* REQUIREMENT *
Your reply should contain nothing except the lines from the one with "Power Lines Against Orange Sky Image" through the end of the listing below, reproduced exactly and stripped of pictures.

*** SOURCE DATA Section Begins ***

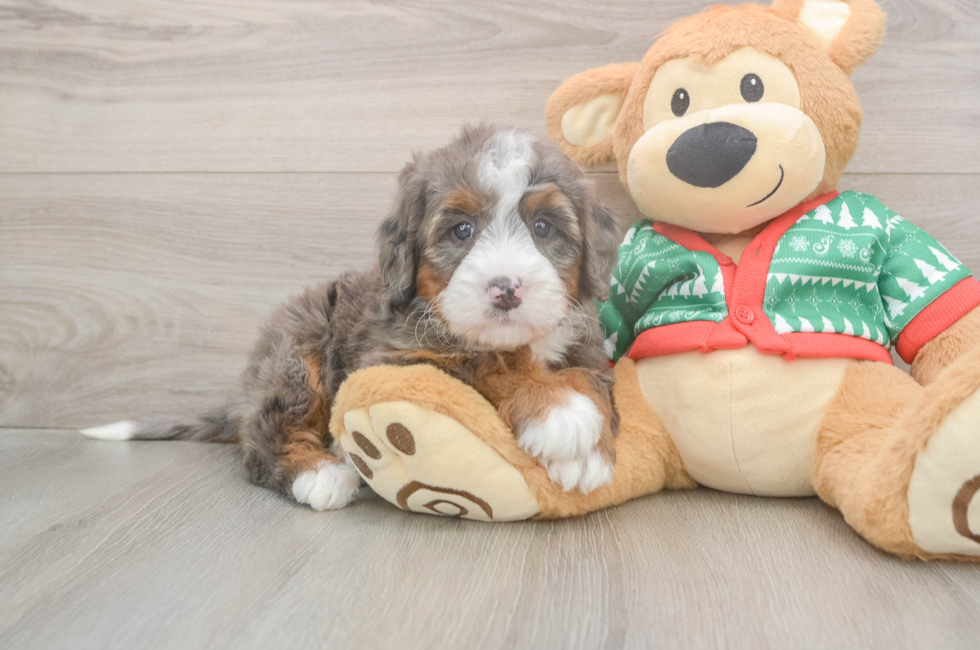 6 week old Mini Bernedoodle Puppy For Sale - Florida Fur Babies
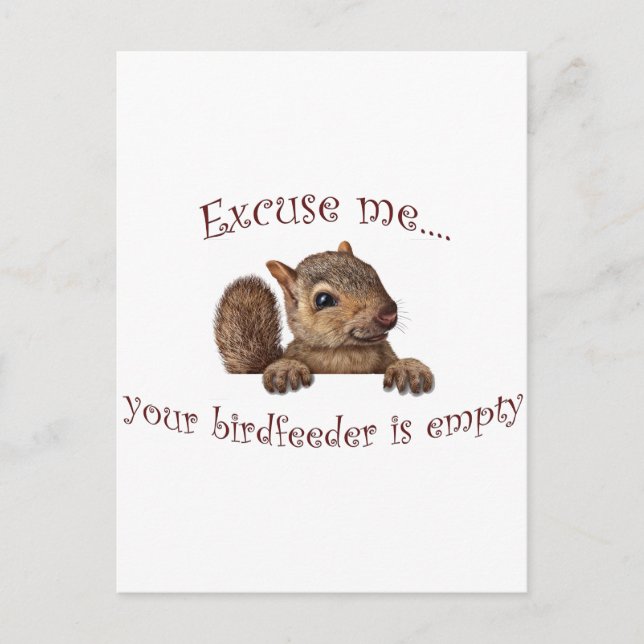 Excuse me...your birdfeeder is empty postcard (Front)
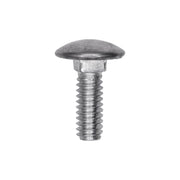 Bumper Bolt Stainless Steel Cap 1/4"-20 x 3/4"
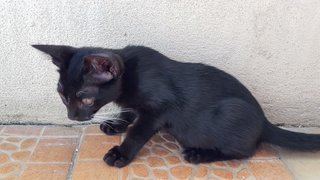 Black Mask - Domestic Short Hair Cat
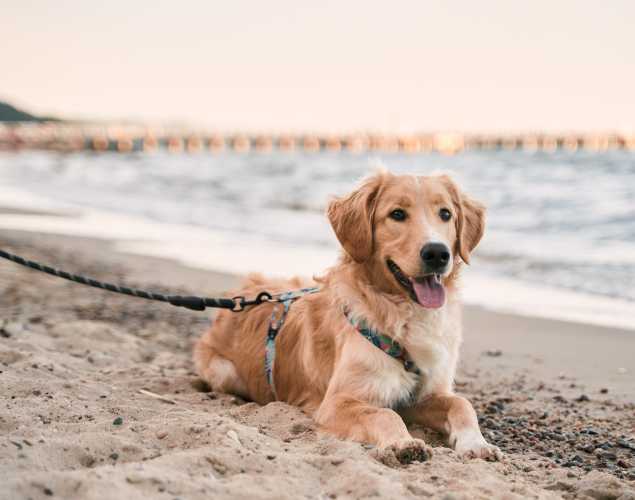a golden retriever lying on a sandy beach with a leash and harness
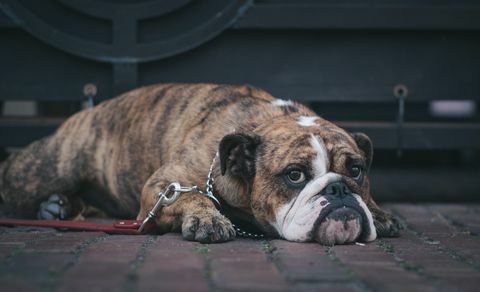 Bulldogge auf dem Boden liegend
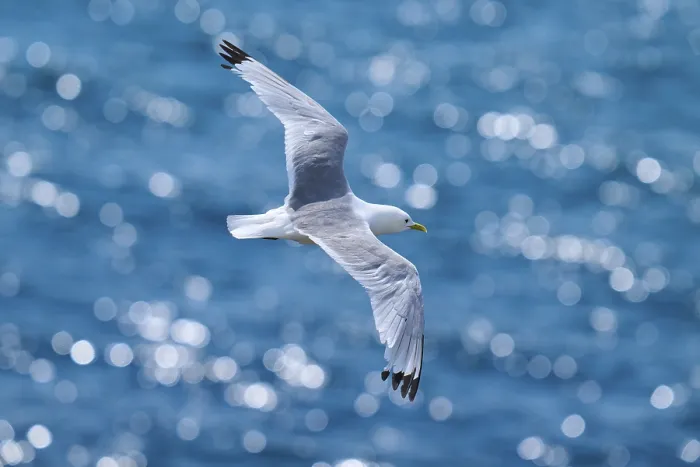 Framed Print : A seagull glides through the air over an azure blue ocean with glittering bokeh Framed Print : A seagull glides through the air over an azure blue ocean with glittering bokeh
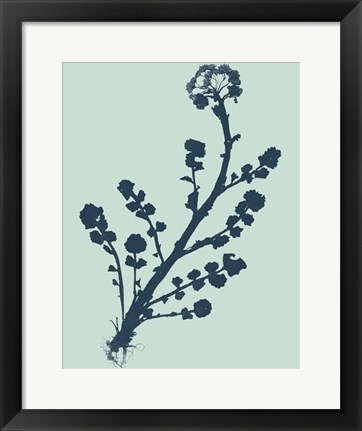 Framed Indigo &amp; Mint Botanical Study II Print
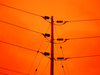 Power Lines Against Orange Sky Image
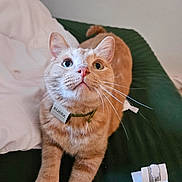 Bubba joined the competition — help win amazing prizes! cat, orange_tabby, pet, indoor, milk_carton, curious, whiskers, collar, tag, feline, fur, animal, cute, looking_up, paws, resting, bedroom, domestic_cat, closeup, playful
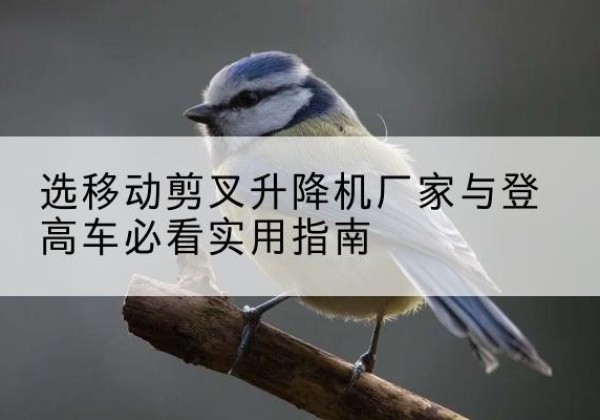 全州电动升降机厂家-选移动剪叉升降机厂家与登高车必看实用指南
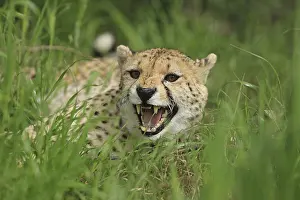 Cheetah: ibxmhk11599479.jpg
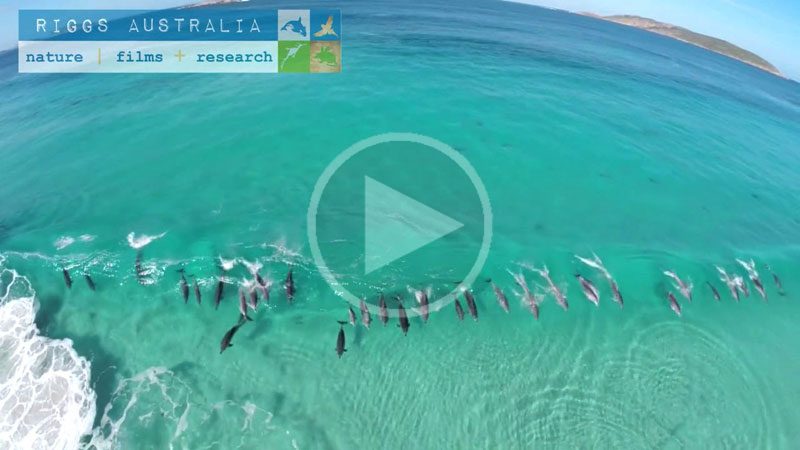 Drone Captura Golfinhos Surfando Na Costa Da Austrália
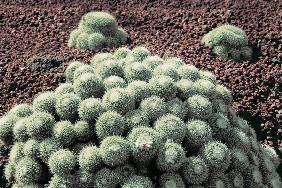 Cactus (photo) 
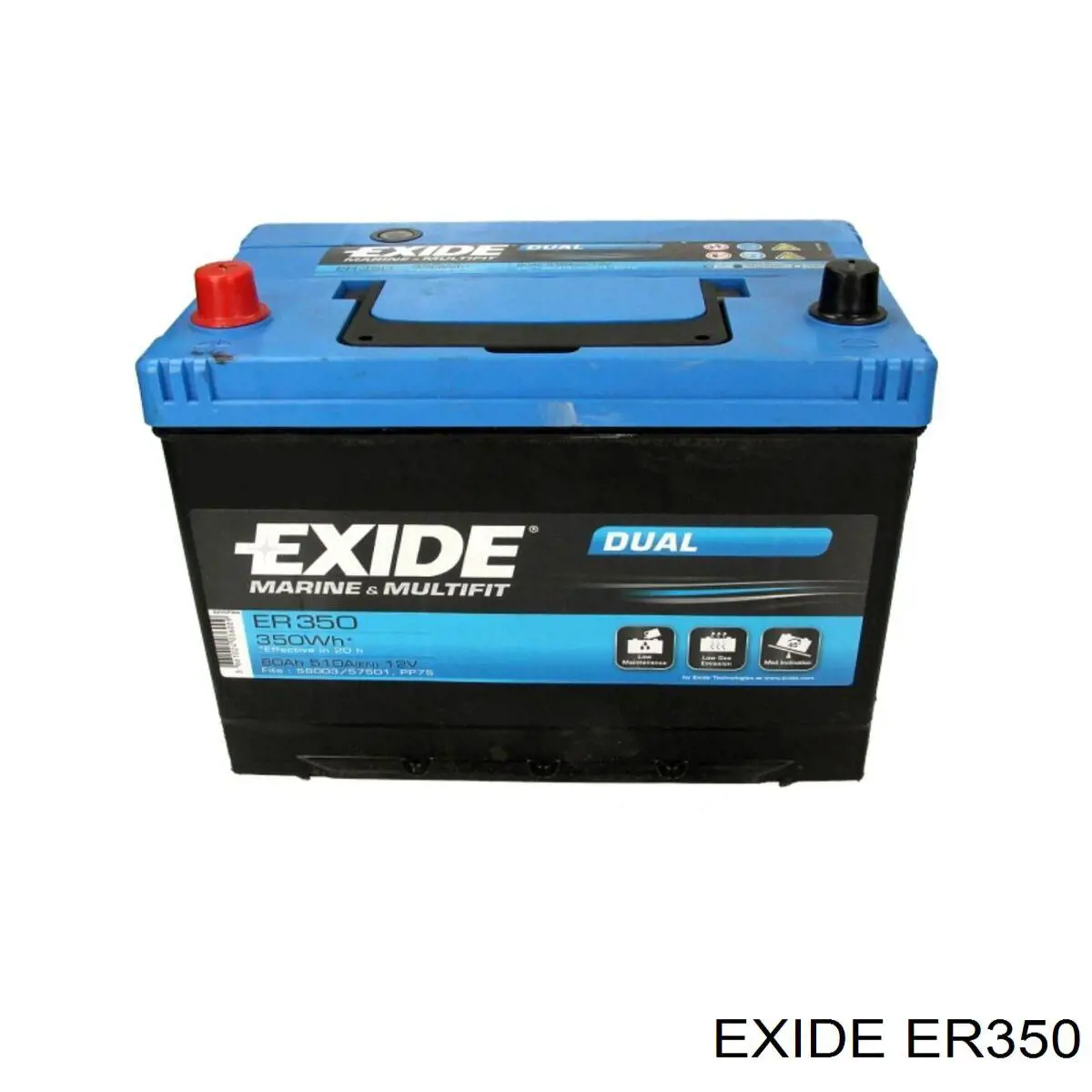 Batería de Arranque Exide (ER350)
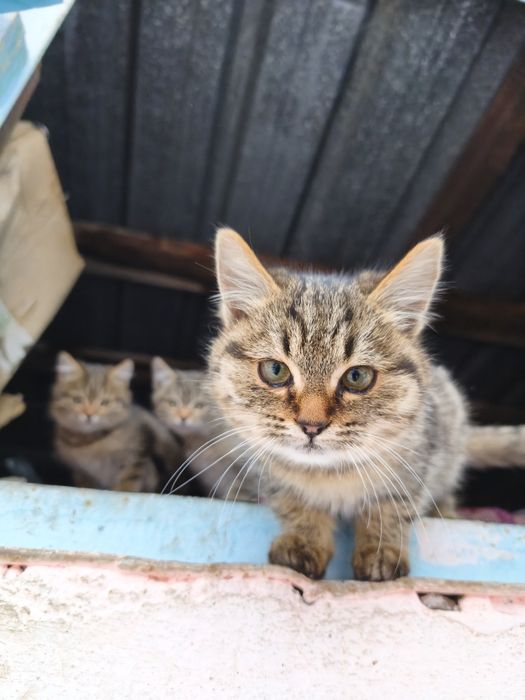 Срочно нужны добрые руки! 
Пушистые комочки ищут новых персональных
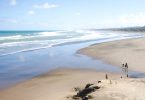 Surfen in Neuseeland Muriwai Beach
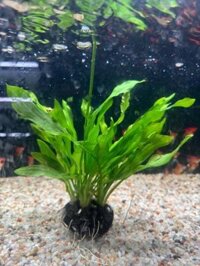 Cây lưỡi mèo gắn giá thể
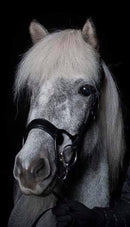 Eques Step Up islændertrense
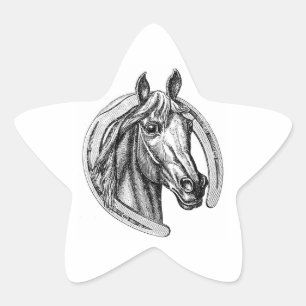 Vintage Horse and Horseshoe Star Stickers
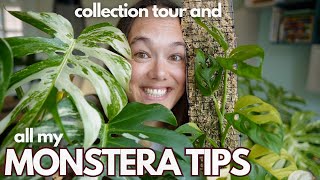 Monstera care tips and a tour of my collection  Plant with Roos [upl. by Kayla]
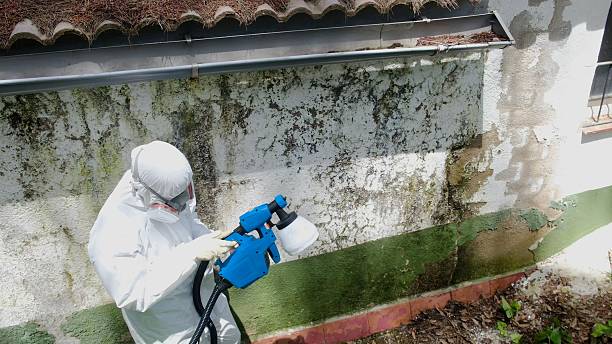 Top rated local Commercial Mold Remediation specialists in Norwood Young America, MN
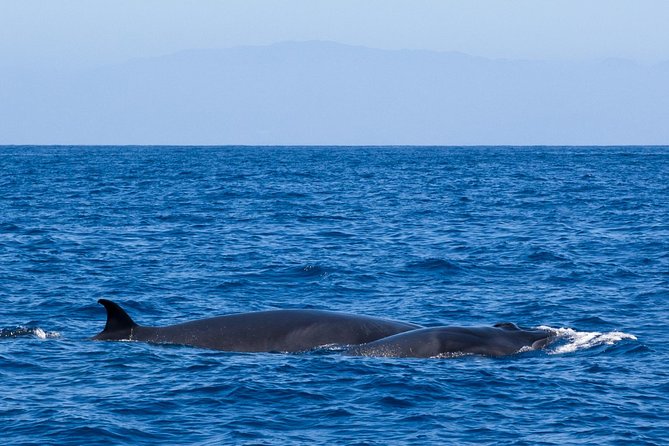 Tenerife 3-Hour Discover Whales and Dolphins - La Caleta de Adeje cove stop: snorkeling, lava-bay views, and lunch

*** SOURCE DATA Section Ends ***

* PROBLEM SOLUTION *
 Power Lines Against Orange Sky Image
 Bubba joined the competition — help win amazing prizes! cat, orange_tabby, pet, indoor, milk_carton, curious, whiskers, collar, tag, feline, fur, animal, cute, looking_up, paws, resting, bedroom, domestic_cat, closeup, playful
 全州电动升降机厂家-选移动剪叉升降机厂家与登高车必看实用指南
 Cheetah: ibxmhk11599479.jpg
 Drone Captura Golfinhos Surfando Na Costa Da Austrália
 Cactus (photo) 
 Batería de Arranque Exide (ER350)
 Срочно нужны добрые руки! 
Пушистые комочки ищут новых персональных
 Surfen in Neuseeland Muriwai Beach
 Cây lưỡi mèo gắn giá thể
 Eques Step Up islændertrense
 Vintage Horse and Horseshoe Star Stickers
 Monstera care tips and a tour of my collection  Plant with Roos [upl. by Kayla]
 Top rated local Commercial Mold Remediation specialists in Norwood Young America, MN
 Tenerife 3-Hour Discover Whales and Dolphins - La Caleta de Adeje cove stop: snorkeling, lava-bay views, and lunch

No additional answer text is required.